O próprio Temer não economizou adjetivos na hora de elogiar os presentes. “Sou presidente do PMDB há 9 anos, e digo que essa é a recepção mais emocionante que recebi nesse período todo”. Aplausos e gritos de “Temer, Temer” ecoaram em resposta. Sem deixar de lembrar da presença do pedetista Pompeo de Mattos, o vice da chapa de Dilma seguiu reforçando o ânimo dos peemedebistas gaúchos. “O PMDB do Rio Grande do Sul é principiológico, é programático, traz dentro de si o MDB de antigamente. Tenham certeza de que governarei junto com o PMDB gaúcho”, garantiu.

Os elogios de Temer ao governo de Lula foram bem recebidos pelos presentes. “O governo Lula instaurou a democracia do pão sobre a mesa”, garantiu, motivando nova salva de aplausos. No fim de seu discurso, Michel Temer lembrou que a chama, atual símbolo do PMDB, foi criada pelo núcleo gaúcho do partido. “É uma chama que nasceu aqui, e que incendeia a alma e o coração. É essa chama que faz todos vocês virem de longe para apoiar a chapa do partido para a eleição presidencial. Saio daqui inflamado pela chama de todos vocês”, discursou, a voz firme tentando disfarçar a emoção.

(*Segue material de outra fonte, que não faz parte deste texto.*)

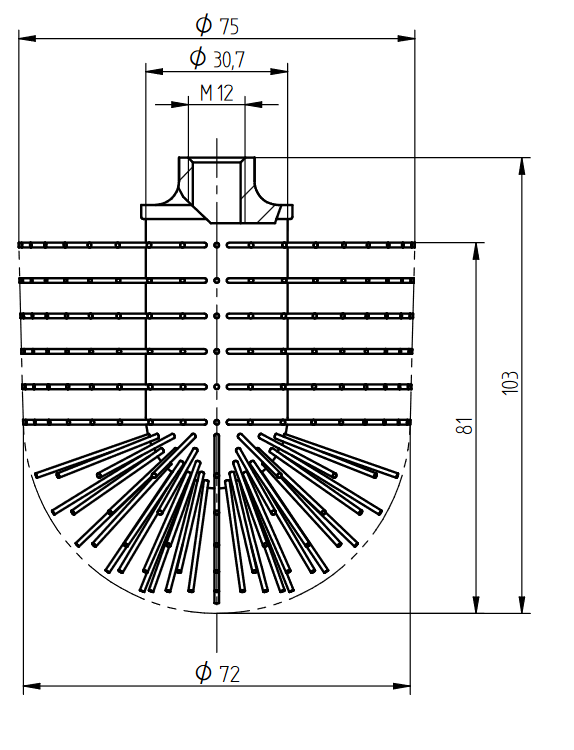 WC-Bürstenkopf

O fim do discurso foi o sinal para o balançar de uma série de bandeiras com o nome de Fogaça. Uma delas, empunhada por um apoiador mais distraído, enrolou-se no ventilador de teto, e seguiu tremulando muito depois que os prefeitos e vices deixaram o restaurante, rumo ao encontro com o candidato a governador. “Todo mundo tem que passar no comitê, pessoal”, insistia Mendes Ribeiro Filho, conclamando os prefeitos ao encontro de apoio a Fogaça. Enquanto isso, Temer atendia alguns retardatários. “Precisamos do seu apoio, presidente Temer, senão os líderes nos pressionam a votar no Serra”, deixou escapar um dos peemedebistas presentes, diante do sorriso constrangido do vice de Dilma. Os últimos apertos de mão impediram o “almocinho rápido” de Temer. Pouco antes das 14h30, o visitante rumava ao aeroporto, sem experimentar o churrasco e o buffet de saladas do cardápio.

Apoio às escondidas

O último encontro das lideranças peemedebistas acabou sendo tão invisível quanto o primeiro. Prefeitos e lideranças surgiam repentinamente na área reservada do comitê de Fogaça, acessando o edifício por entradas laterais. José Fogaça chegou às 15h26, junto com Pedro Simon, Germano Rigotto e Mendes Ribeiro Filho. O acesso ao encontro era restrito: mais do que uma demonstração de apoio, tratava-se de uma reunião para acertar os ponteiros da campanha. “A coisa vai demorar. Eles ainda vão lavar a roupa suja”, comentou um dos assessores.

Alguns prefeitos saíram da área restrita, e seus comentários davam eco ao clima da reunião. “Eles acham que, se a Dilma ganha, o Tarso (Genro, candidato do PT ao governo do estado) sai favorecido. Já cansei de dizer para eles (lideranças) que não é nada disso, mas não me escutam”, declarou um dos líderes do movimento pró-Dilma. “Entendo a posição do Fogaça, mas eu não tenho que ficar neutro só por causa disso”, reclamou outro. O evento, que pretendia ser um grande ato pró-Fogaça, acabou restrito à sala de reuniões, e o tom pouco teve de festivo. Cumpridas todas as formalidades, o que resta é a sensação de que a visita de Michel Temer a Porto Alegre ainda vai motivar muitas portas fechadas no PMDB.